Sometimes, our writing team—myself included—like to tease what we are thinking about a game before a big reveal in the closing paragraphs that celebrates the magic of the review process.
Not today. Rainforest is just good, plain, easy-to-learn yet difficult-to-master family fun that can be set up, played, and cleared from the table in about 30 minutes. That means it’s been fun for all four members of my family, and even when the team at Funnyfox showed me Rainforest during a meeting at SPIEL ‘22, I knew I was going to like it. My kids keep asking to play it, my wife—a woman who can be very difficult to impress—really liked her plays, and I just adore how simple this is to teach to a stranger while crunching over the puzzle of how to score the most points.
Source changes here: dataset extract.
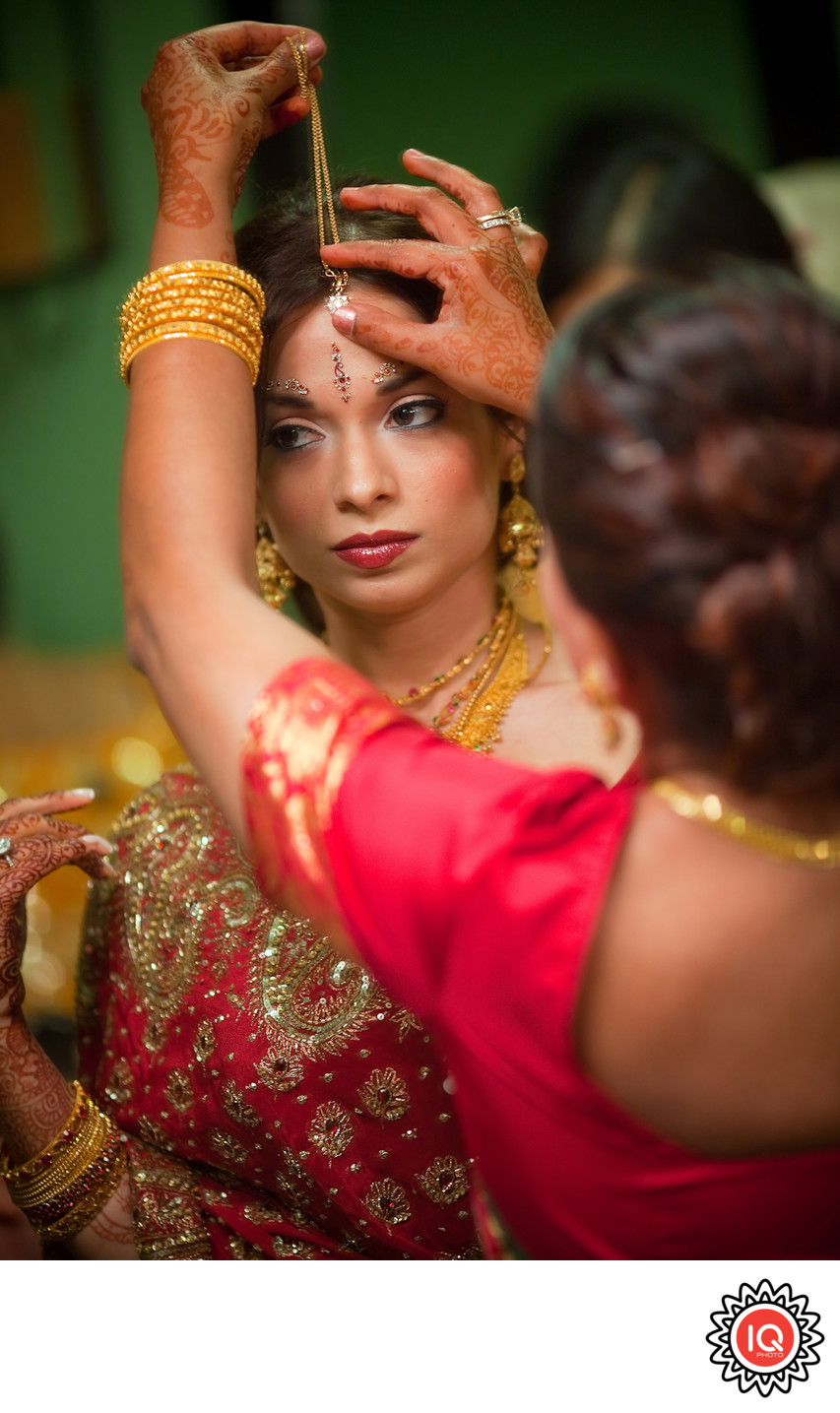 Indian Bride Preparing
Why can’t more games just be simple fun?
It’s a Jungle Out There
Rainforest takes place in the jungle. Well, with a board, tiles, and a totem animal. On your kitchen table. Otherwise, in the jungle.
In front of you, options are limited. You’ll be asked to take one of five available tiles, with spots on your player board ready to accept circular wooden discs in one of five colors and four different animal types. First, you must place the tile below your player board—there’s room for three—then, you’ll take at least one of the circular discs from the tile’s space to add to your queue.
You can take either all of one color of the discs in that area, or all of one animal type. Then, you can place the discs on your tiles. If any tile’s disc spots are now full, move the tile into your 3×3 grid above your player board.
And that’s it. Each player scores more points for the totem animal listed on their player board, driving them towards grabbing, say, more monkeys or parrots versus that frog disc you are hunting for. Bonus tiles are available that trigger bonuses if you can orthogonally connect tiles of a certain color in your 3×3 grid, and you can score a diversity bonus if you add a tile of each of the five colors to your tableau; that diversity bonus scores more points the earlier it is earned.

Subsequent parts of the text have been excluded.